**About this task**:
Take the lines below from the one with "watch-My Guardian Angel (2018)" through the one with "351 E 38 St, Hialeah, FL 33013 photo 1" and print only them, exactly. Don't print the pictures.

**Provided records**:
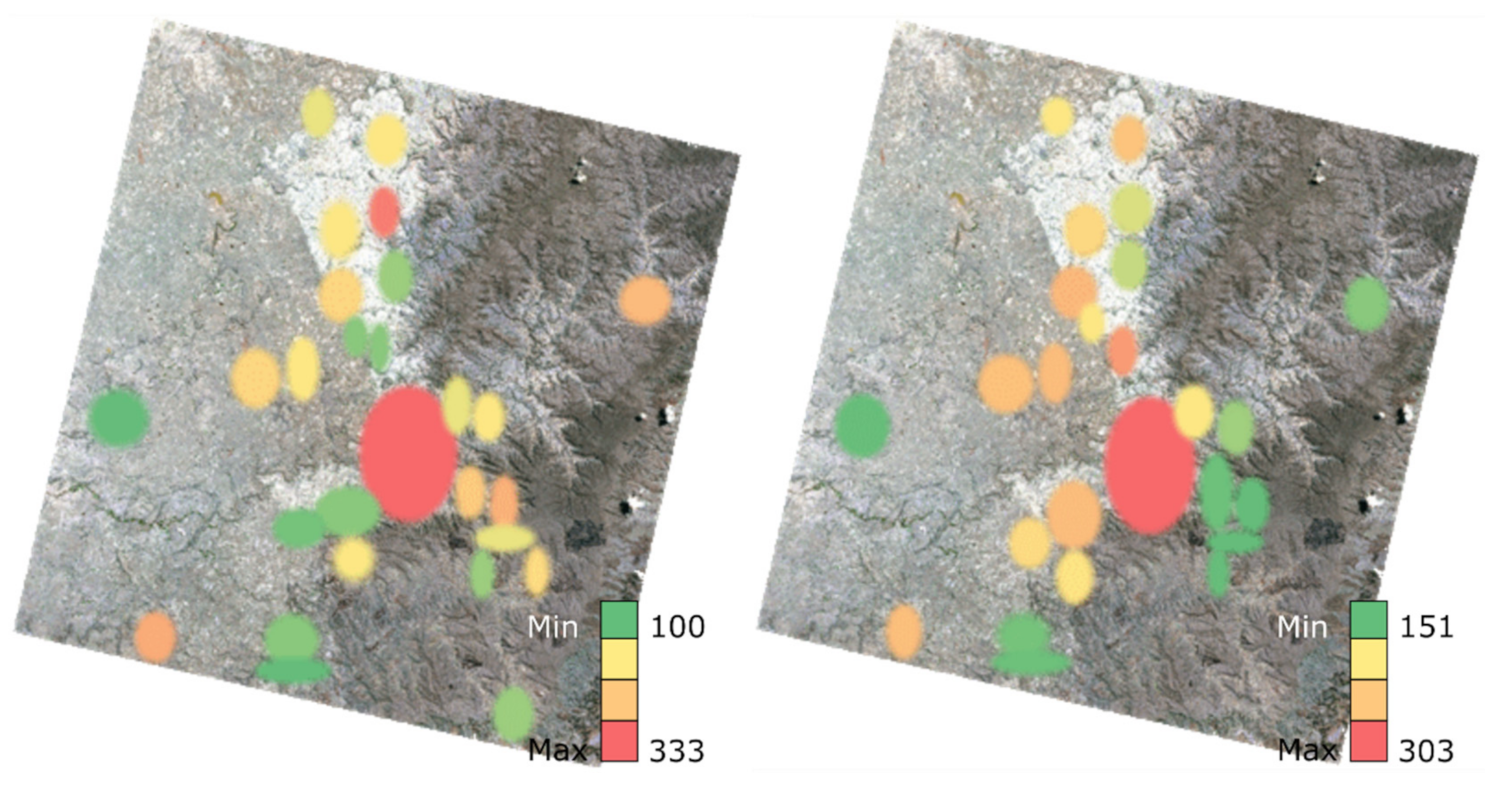 Ijgi 10 00753 g005 550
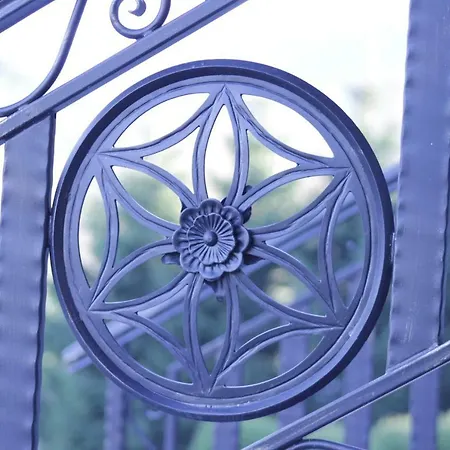 Krolewska - Wellness - Widokowe I ベッド・アンド・ブレックファスト *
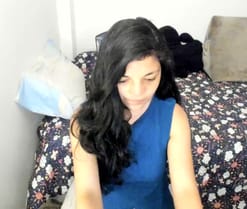 soylucy24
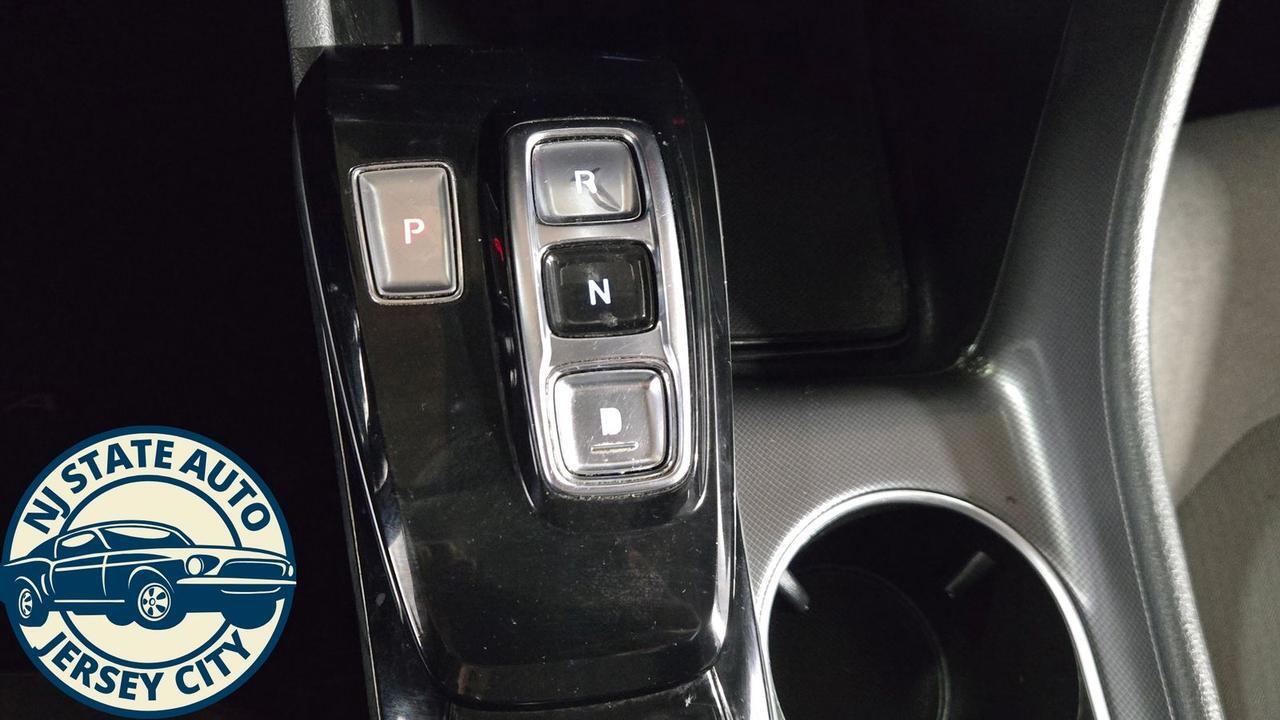 2021 Hyundai Sonata SE Jersey City NJ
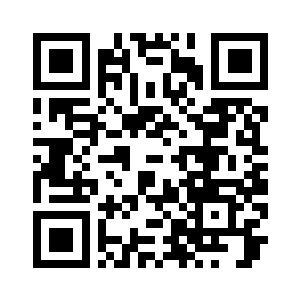 所有人都把目光转向了门口二维码生成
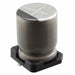 ULH2G3R3MNL1GS by Nichicon - ALUMIN CAP 3.3UF 20% 400V SMD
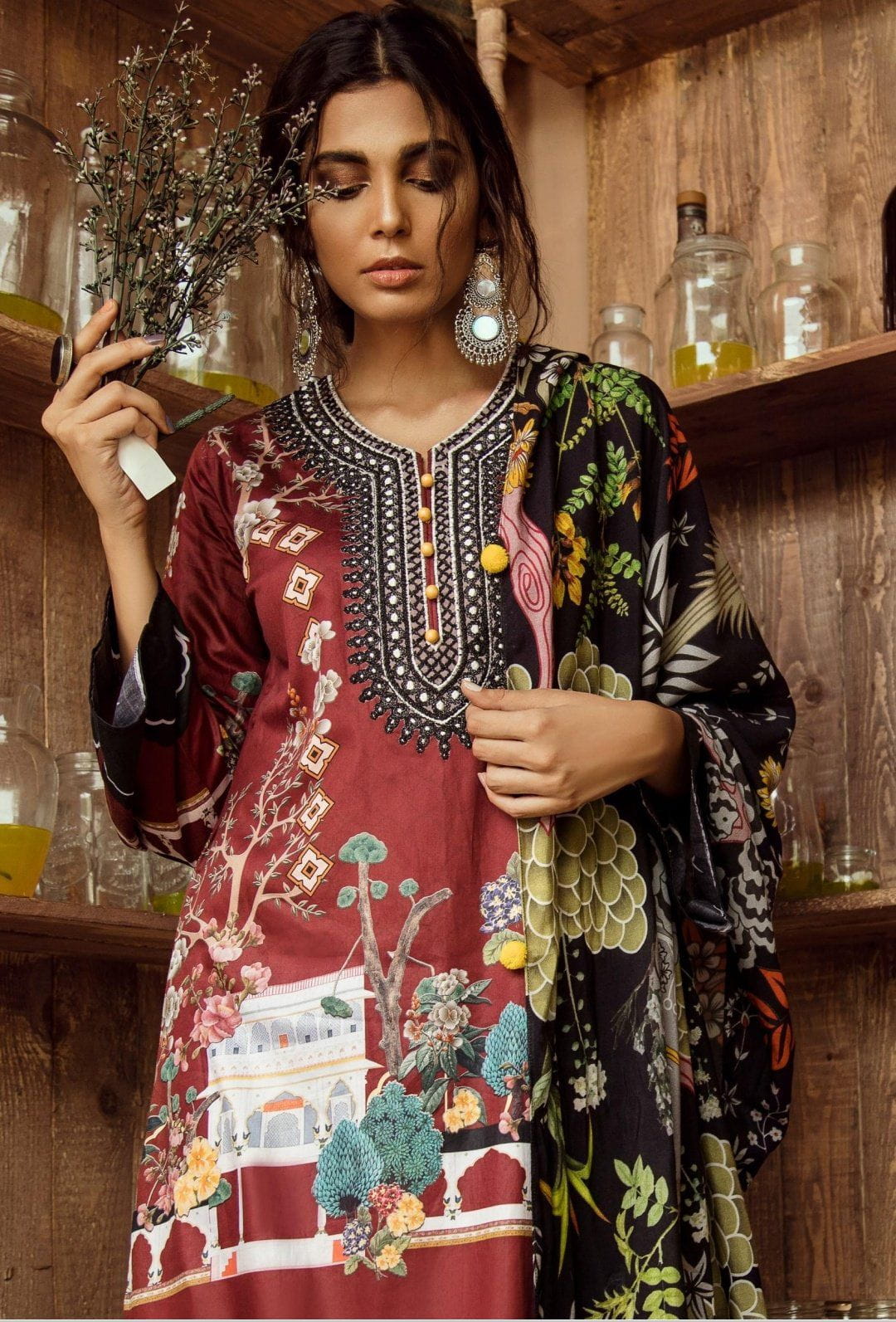 img_cross_stitch_fall_winter_angan_cotton_satin_collection_awwal_boutique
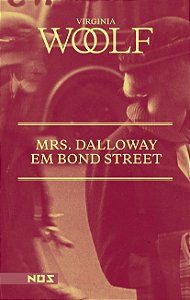 Mrs. Dalloway em Bond Street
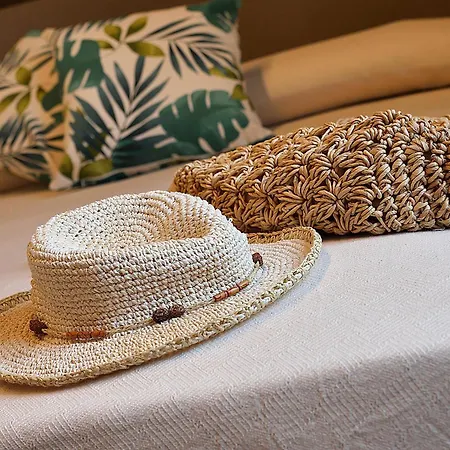 Διαμέρισμα A Due Passi Dal Porto E Dal Mare *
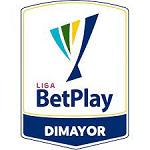 Primera Division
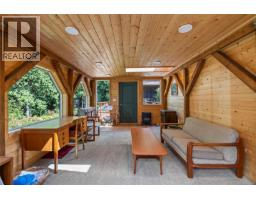 2185 Widgeon Rd, Qualicum Beach, BC V9K1Y8 Photo 57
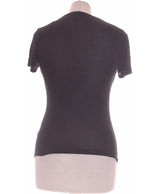 386978 Tops et t-shirts PIMKIE Occasion Vêtement occasion seconde main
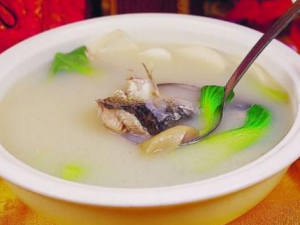 �����������Ĺ�Ч �������������α���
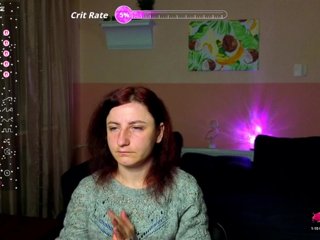 Musekittyjeni112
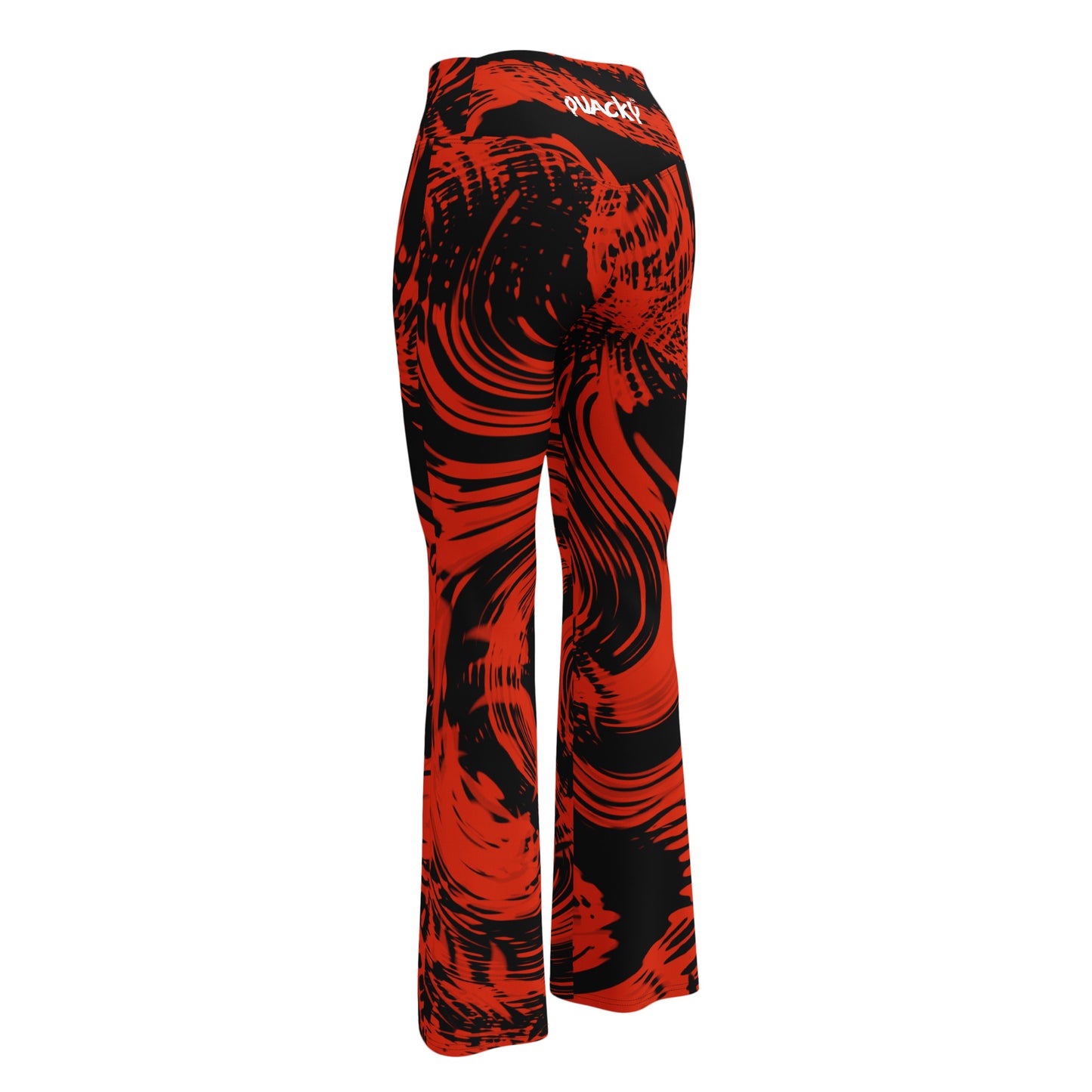 all-over-print-flare-leggings-white-back-68150a26437ba.jpg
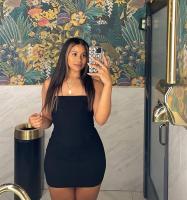 633826682: Chica busca chico en La Coruña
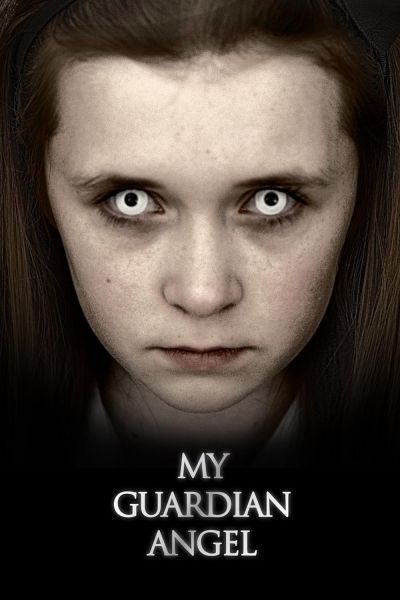 watch-My Guardian Angel (2018)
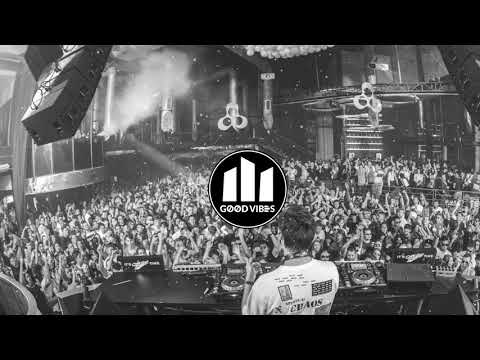 Kalozy  Deep Motion - Not Going Home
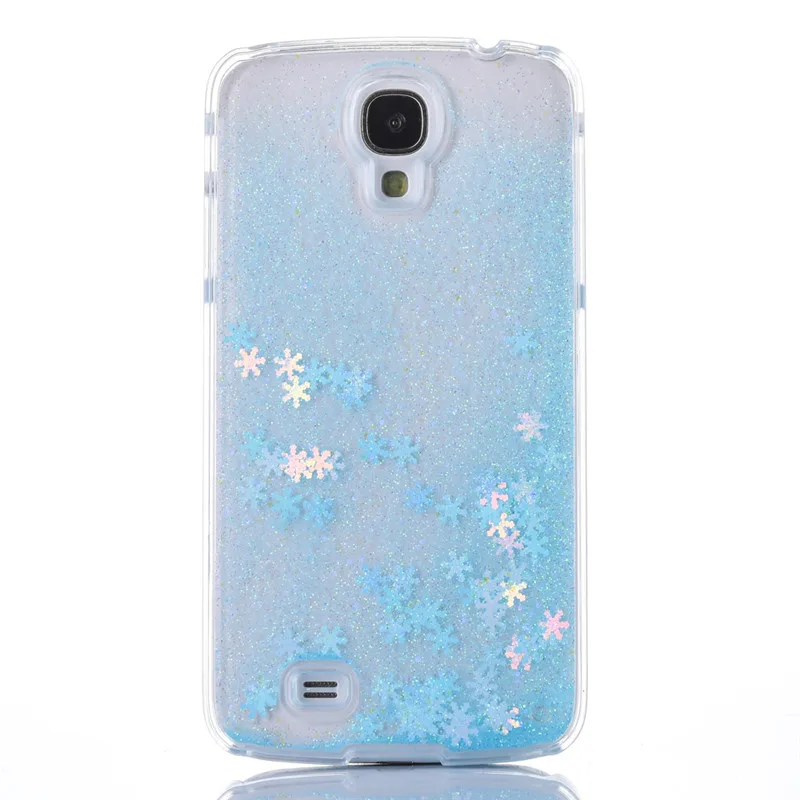 Чехлы для телефонов Samsung Galaxy S4 S5 S6 S6Edge s6edge plus S7 Edge TPU + PC | Мобильные телефоны и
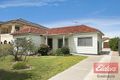 Property photo of 21 Russell Street Greenacre NSW 2190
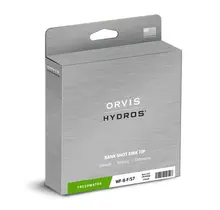 Orvis Hydros® Bank Shot Sink Tip
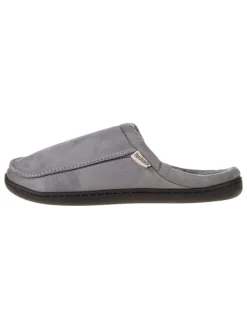 Hausschuhe in Grau>Confly Sale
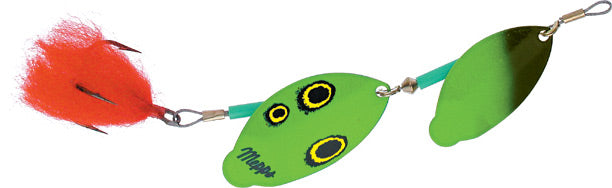 Mepps Ireland Buy Mepps Tandem Pike Fishing Lure - OpenSeason.ie Irish Online Tackle ...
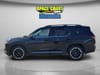 5 thumbnail image of  2026 Honda Pilot Touring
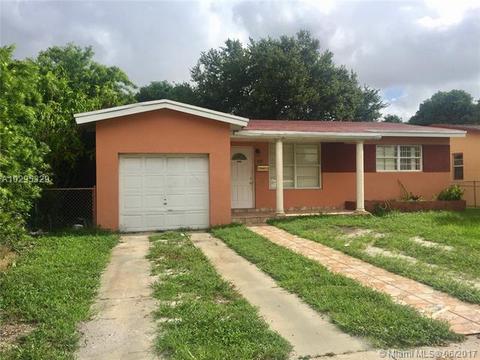 351 E 38 St, Hialeah, FL 33013 photo 1
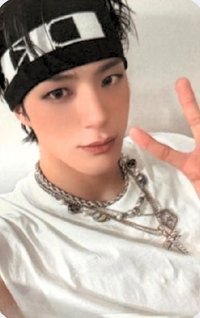 迷一 wm 線下 簽售卡 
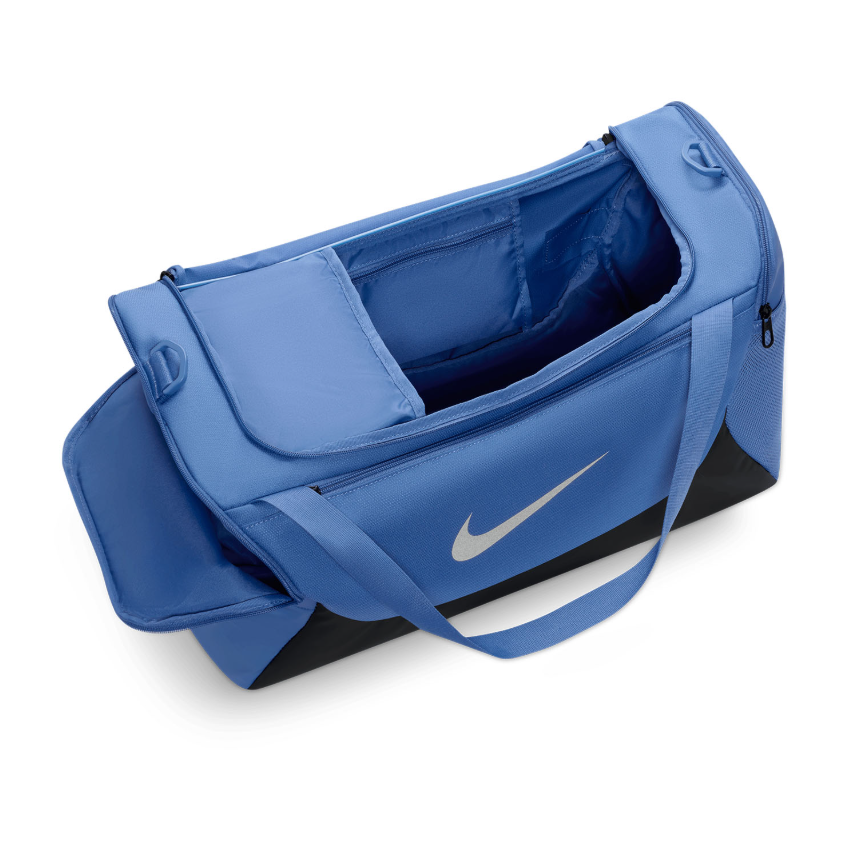 nike_tase_3_ib4394-459 Nike Brasilia Training Duffel Bag (Small, 40L) IB4394-459 – 4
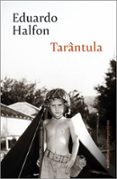 TARÂNTULA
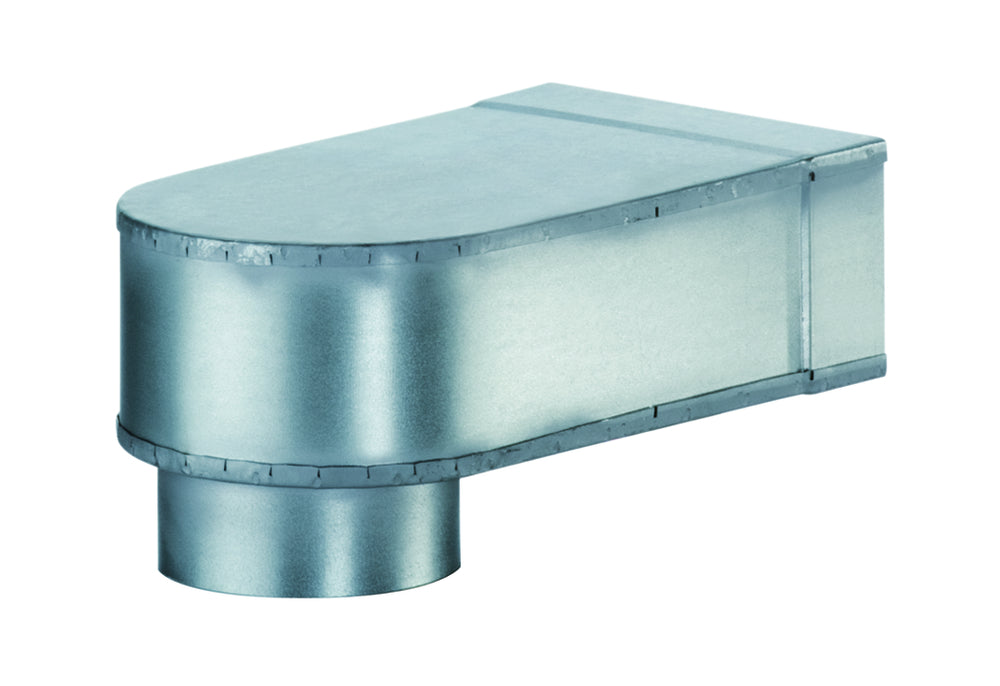 Maico Winkel MF-W100 80/150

**Answer for the task**:
 watch-My Guardian Angel (2018)
 Kalozy  Deep Motion - Not Going Home
 Чехлы для телефонов Samsung Galaxy S4 S5 S6 S6Edge s6edge plus S7 Edge TPU + PC | Мобильные телефоны и
 Property photo of 21 Russell Street Greenacre NSW 2190
 Orvis Hydros® Bank Shot Sink Tip
 Hausschuhe in Grau>Confly Sale
 Mepps Ireland Buy Mepps Tandem Pike Fishing Lure - OpenSeason.ie Irish Online Tackle ...
 5 thumbnail image of  2026 Honda Pilot Touring
 351 E 38 St, Hialeah, FL 33013 photo 1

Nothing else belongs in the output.